---- Supplied material

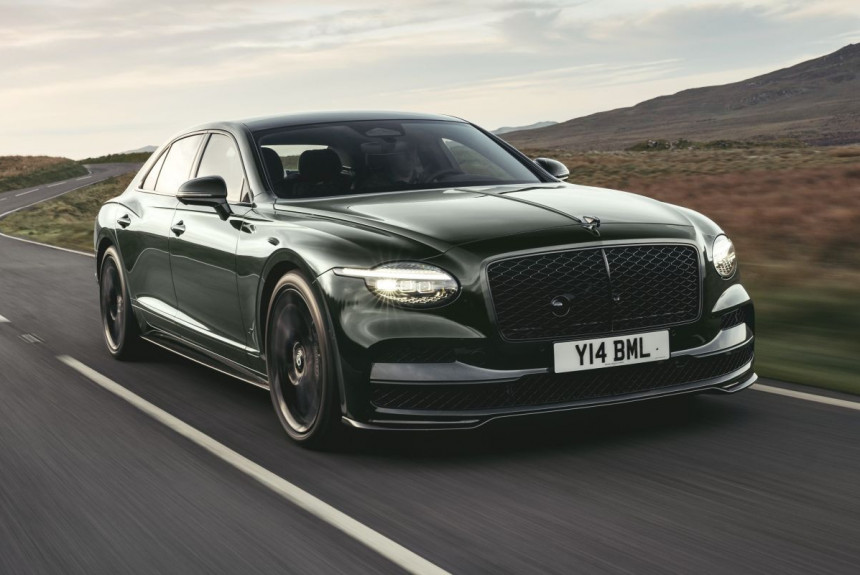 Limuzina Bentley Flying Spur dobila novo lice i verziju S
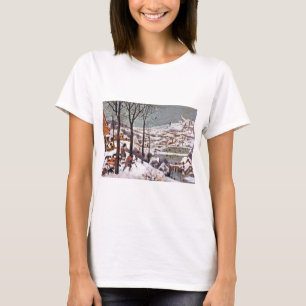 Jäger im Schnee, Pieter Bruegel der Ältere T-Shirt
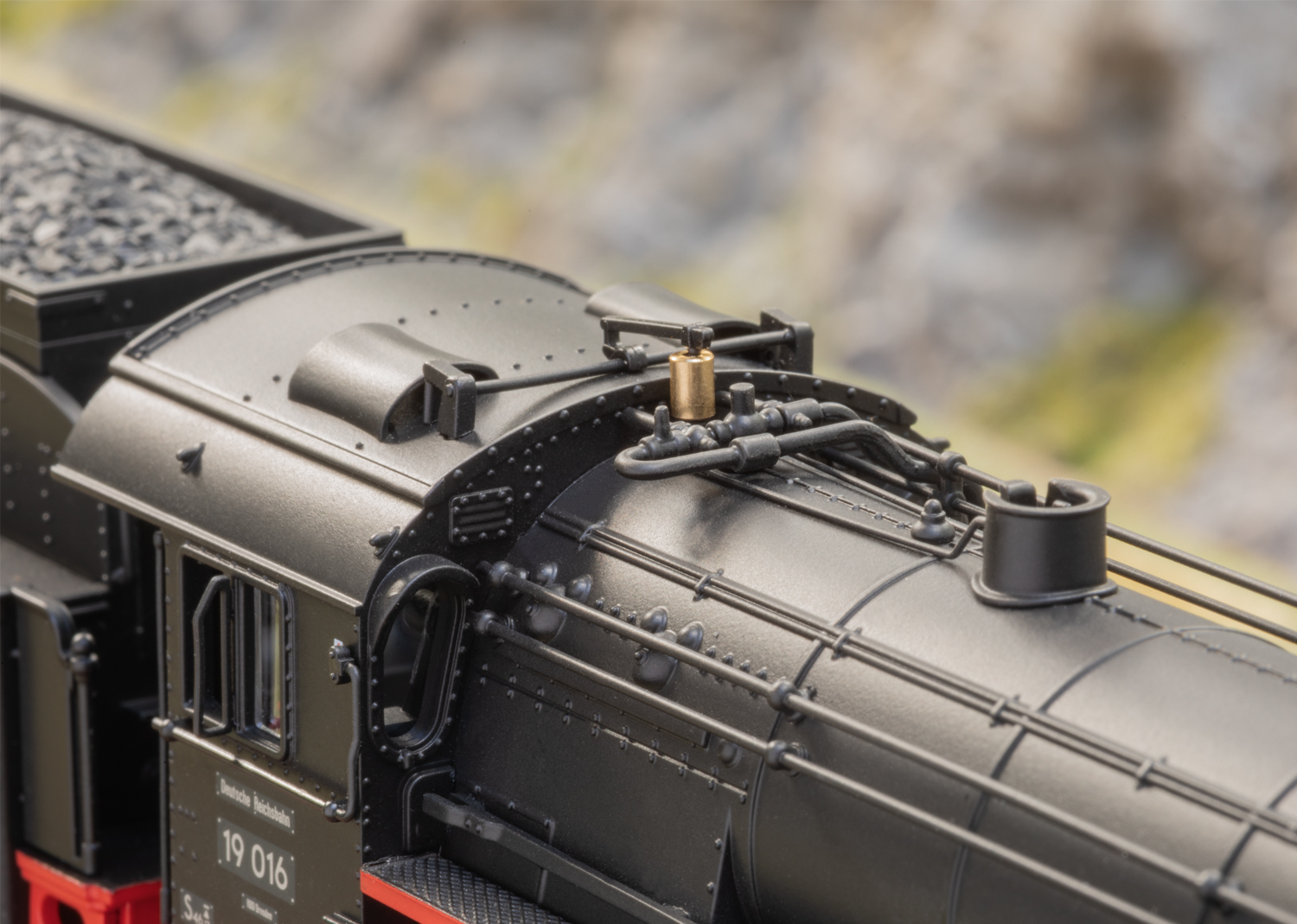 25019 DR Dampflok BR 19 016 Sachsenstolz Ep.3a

--------
---- Supplied material

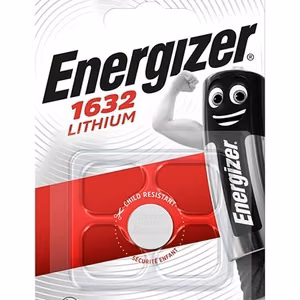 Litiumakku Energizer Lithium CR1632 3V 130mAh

--------

» Activity:
Above are some records. Output exactly the lines from the one that contains "Limuzina Bentley Flying" to the one that contains "25019 DR Dampflok", keeping both, and omit the pictures.

» Final answer:
 Limuzina Bentley Flying Spur dobila novo lice i verziju S
 Jäger im Schnee, Pieter Bruegel der Ältere T-Shirt
 25019 DR Dampflok BR 19 016 Sachsenstolz Ep.3a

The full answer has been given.